La relation de Strange avec les héros emblématiques de l'écurie DC est crédible et les rares apparitions de ceux-ci sont soit pertinentes, soit amusantes.
La progression des personnages suit la déchéance de Strange au long du volume : de beau blond athlétique au sourire de mannequin pour dentifrice, on va le voir peu à peu sombrer dans une amertume et une violence qu'on ne saurait lui imaginer initialement.
Pour accompagner cette chute, les pages séparant les chapitres sont ornées d'affiches de propagande au nom de Strange se couvrant peu à peu, au fil du livre, de graffitis insultants remettant en question l'authenticité du témoignage dudit héros concernant ses exploits interplanétaires.
Tout a été pensé, calculé, écrit, dessiné pour faire de cette bonne grosse brique une œuvre cohérente et bien finie. Mais ce n'est pas tout... Car qui dit Tom King dit forcément message à faire passer à coup de combat shoes au cul de la société américaine contemporaine. 

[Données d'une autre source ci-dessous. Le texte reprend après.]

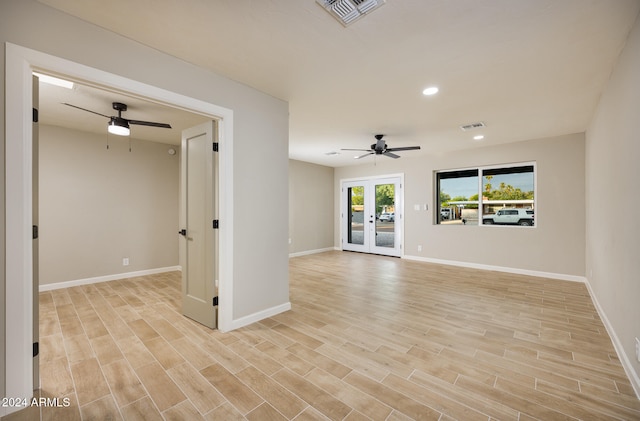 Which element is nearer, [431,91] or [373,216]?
[431,91]

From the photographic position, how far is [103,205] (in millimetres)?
4887

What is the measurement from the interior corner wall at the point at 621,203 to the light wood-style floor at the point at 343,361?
30 centimetres

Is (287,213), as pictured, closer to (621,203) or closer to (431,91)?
(431,91)

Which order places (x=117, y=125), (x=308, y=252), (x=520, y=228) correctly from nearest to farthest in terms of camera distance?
(x=117, y=125) < (x=520, y=228) < (x=308, y=252)

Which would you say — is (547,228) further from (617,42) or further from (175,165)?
(175,165)

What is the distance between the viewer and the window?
5.57 metres

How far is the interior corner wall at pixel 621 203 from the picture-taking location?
6.46 ft

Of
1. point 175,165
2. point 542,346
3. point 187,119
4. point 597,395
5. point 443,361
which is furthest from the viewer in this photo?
point 175,165

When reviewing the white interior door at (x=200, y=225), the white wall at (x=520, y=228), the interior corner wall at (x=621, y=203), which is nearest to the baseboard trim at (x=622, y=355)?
the interior corner wall at (x=621, y=203)

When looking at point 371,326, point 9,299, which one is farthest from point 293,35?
point 371,326

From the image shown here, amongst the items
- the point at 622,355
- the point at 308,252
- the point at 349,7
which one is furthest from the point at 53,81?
the point at 308,252

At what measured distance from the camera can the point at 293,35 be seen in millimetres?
2145

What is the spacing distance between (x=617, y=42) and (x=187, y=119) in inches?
190

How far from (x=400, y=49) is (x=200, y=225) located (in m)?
2.67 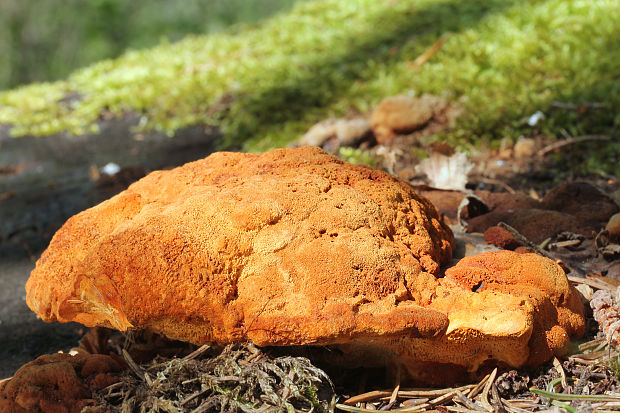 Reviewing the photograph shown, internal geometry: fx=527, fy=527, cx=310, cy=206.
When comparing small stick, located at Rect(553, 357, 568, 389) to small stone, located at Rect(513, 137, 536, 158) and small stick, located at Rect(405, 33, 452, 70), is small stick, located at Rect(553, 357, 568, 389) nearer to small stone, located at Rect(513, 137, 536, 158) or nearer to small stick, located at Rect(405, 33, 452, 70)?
small stone, located at Rect(513, 137, 536, 158)

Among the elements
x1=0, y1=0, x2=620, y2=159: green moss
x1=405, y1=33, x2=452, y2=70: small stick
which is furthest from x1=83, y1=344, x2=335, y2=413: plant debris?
x1=405, y1=33, x2=452, y2=70: small stick

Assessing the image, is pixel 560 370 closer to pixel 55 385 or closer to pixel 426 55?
pixel 55 385


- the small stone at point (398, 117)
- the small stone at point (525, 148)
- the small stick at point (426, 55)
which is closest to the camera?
the small stone at point (525, 148)

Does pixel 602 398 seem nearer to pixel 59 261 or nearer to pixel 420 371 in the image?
pixel 420 371

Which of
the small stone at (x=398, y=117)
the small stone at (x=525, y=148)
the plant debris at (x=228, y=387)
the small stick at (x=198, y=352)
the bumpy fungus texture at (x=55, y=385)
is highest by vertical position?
the bumpy fungus texture at (x=55, y=385)

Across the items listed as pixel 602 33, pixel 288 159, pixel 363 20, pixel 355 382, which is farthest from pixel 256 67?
pixel 355 382

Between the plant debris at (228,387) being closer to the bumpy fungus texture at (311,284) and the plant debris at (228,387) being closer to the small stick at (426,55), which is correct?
the bumpy fungus texture at (311,284)

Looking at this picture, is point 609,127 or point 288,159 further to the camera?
point 609,127

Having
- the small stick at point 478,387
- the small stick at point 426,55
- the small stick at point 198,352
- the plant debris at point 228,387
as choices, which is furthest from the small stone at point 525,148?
the small stick at point 198,352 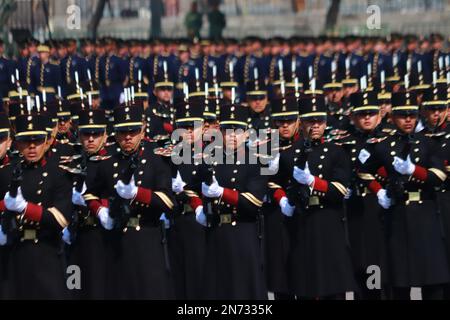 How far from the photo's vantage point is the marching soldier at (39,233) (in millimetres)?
11773

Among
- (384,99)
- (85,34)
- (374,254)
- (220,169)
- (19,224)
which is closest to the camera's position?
(19,224)

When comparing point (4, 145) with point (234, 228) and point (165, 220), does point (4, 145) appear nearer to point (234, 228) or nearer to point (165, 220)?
point (165, 220)

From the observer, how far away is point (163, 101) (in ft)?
67.1

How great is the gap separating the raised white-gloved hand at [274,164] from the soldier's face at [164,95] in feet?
24.4

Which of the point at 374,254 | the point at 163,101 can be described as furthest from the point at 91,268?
the point at 163,101

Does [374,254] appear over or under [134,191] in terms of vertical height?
under

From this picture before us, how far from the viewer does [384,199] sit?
13.6 metres

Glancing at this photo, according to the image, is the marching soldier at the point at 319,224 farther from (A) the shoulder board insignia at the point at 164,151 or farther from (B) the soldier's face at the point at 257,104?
(B) the soldier's face at the point at 257,104

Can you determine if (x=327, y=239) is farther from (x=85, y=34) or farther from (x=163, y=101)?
(x=85, y=34)

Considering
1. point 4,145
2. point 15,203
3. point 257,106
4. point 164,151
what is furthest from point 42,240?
point 257,106

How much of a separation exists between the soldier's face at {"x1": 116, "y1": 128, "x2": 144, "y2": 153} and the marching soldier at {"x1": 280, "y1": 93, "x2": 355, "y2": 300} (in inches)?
56.5

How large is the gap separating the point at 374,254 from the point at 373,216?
38 centimetres

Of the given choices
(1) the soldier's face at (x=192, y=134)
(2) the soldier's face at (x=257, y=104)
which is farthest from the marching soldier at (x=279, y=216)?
(2) the soldier's face at (x=257, y=104)

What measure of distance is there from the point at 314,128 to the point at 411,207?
4.03 ft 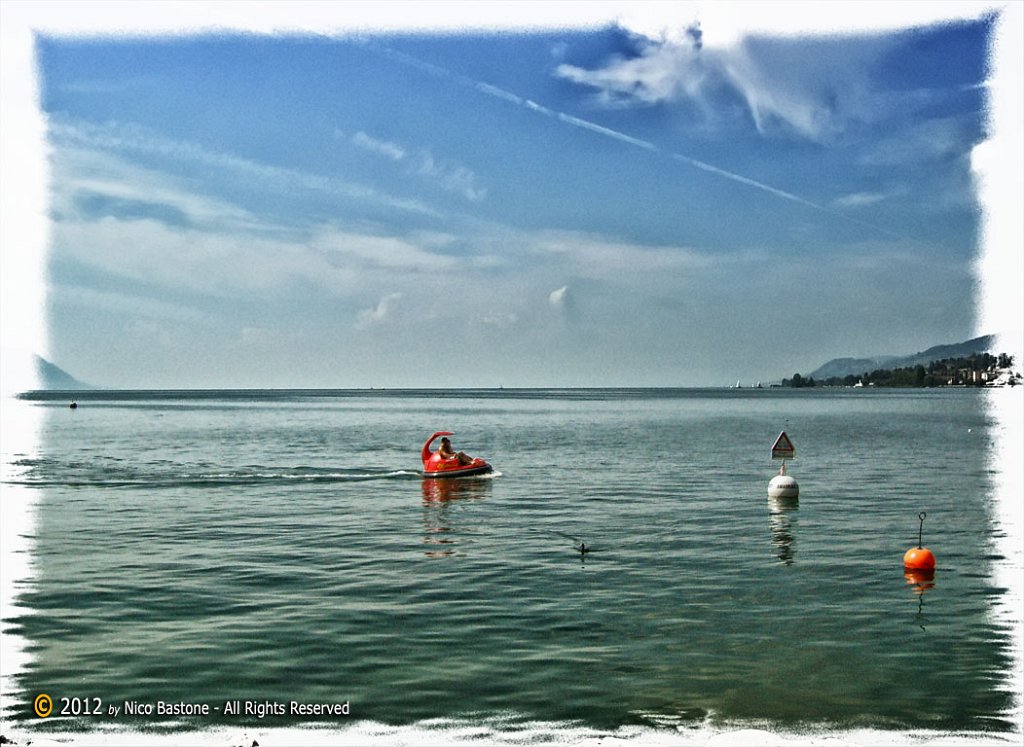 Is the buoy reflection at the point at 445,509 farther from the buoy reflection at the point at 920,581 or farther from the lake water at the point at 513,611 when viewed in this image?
the buoy reflection at the point at 920,581

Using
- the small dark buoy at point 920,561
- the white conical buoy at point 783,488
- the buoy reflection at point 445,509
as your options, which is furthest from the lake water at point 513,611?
the white conical buoy at point 783,488

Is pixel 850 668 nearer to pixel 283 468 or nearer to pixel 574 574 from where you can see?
pixel 574 574

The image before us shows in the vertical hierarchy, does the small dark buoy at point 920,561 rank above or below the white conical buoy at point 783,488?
below

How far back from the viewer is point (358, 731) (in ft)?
38.6

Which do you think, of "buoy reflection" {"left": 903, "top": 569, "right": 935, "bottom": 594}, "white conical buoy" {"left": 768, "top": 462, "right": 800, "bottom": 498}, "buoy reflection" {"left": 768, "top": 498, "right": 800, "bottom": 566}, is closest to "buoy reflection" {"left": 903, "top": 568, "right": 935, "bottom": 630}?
"buoy reflection" {"left": 903, "top": 569, "right": 935, "bottom": 594}

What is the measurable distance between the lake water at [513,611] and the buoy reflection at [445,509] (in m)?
0.27

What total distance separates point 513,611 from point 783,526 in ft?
49.7

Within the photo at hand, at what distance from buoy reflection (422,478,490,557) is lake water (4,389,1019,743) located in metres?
0.27

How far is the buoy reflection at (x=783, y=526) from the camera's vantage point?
25203mm

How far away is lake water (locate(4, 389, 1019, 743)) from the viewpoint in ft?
42.4

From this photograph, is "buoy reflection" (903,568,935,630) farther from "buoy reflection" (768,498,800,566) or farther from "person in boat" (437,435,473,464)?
"person in boat" (437,435,473,464)

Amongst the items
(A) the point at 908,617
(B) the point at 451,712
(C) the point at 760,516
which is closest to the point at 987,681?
(A) the point at 908,617

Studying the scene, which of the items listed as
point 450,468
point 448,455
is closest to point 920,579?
point 450,468

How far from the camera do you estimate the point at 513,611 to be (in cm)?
1828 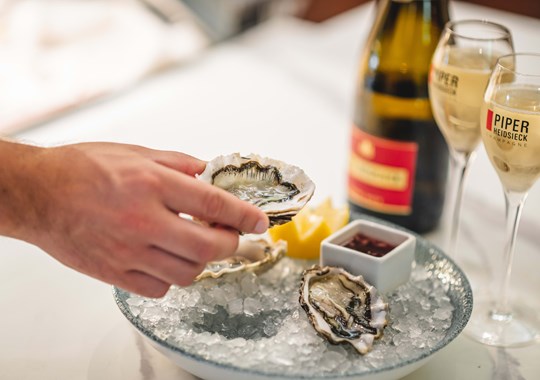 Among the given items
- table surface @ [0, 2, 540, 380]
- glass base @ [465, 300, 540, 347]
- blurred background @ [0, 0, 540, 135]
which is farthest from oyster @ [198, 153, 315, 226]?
blurred background @ [0, 0, 540, 135]

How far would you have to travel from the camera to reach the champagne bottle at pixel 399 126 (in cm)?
118

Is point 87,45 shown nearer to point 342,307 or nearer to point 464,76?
point 464,76

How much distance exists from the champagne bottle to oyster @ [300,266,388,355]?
1.17 ft

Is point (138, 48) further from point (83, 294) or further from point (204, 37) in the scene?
point (83, 294)

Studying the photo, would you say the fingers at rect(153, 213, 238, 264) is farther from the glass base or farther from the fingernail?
→ the glass base

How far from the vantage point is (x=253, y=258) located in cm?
92

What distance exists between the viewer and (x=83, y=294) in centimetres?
99

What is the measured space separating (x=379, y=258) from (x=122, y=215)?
337 mm

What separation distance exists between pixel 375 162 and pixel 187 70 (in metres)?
0.81

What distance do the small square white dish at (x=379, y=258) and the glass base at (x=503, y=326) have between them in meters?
0.13

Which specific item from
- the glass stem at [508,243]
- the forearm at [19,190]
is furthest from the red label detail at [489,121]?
the forearm at [19,190]

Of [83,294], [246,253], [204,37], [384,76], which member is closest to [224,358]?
[246,253]

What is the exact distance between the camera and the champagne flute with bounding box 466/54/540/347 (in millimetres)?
817

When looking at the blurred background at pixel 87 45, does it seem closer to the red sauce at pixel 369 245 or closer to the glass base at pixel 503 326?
the red sauce at pixel 369 245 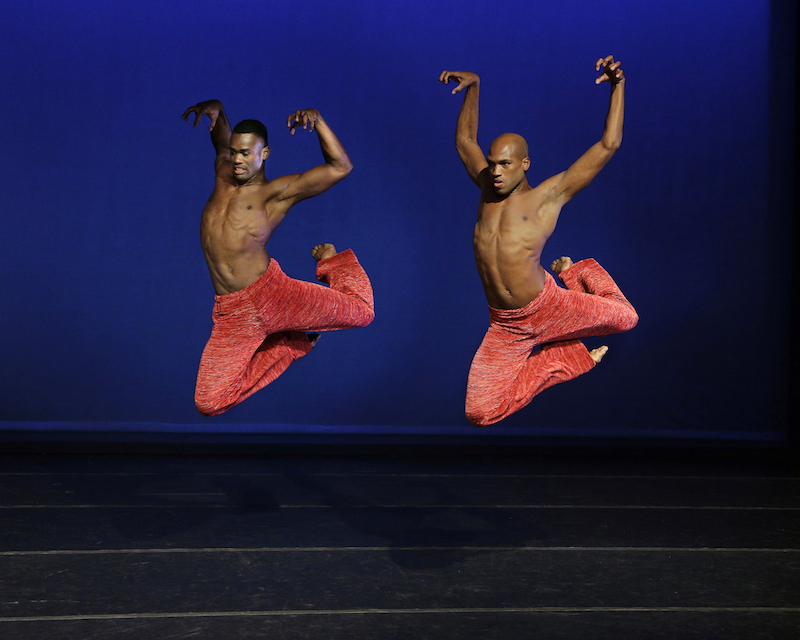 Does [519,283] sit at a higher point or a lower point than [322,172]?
lower

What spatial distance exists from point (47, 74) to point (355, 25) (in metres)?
1.74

Ancien soldat US et membre de la CIA engagé pendant sept ans en Iran et en Afghanistan en tant qu'agent du contre-terrorisme, King a un regard critique sur son pays et ne manque pas une occasion de le faire sentir.
Il attaque le racisme latent en faisant douter Mister Terrific du poids que pourrait avoir sa parole d'homme noir face au héros blond triomphant que s'est choisi l'Amérique en la personne d'Adam Strange.
Il attaque à maintes reprises la désinformation ambiante et les manipulations de la vérité, les interviews coups de poing, les procès médiatisés, les biographies quasi hagiographiques et autres procédés visant à n'offrir au public qu'une seule vision très propagandiste du Monde.
Il attaque la figure-même du héros militaire qui n'est souvent que le tâcheron d'une infecte besogne de mise à mort.
Il attaque enfin la figure du super-héros englué dans ses responsabilités et sa morale au point de ne pas toujours faire le nécessaire, de peur de se salir les mains...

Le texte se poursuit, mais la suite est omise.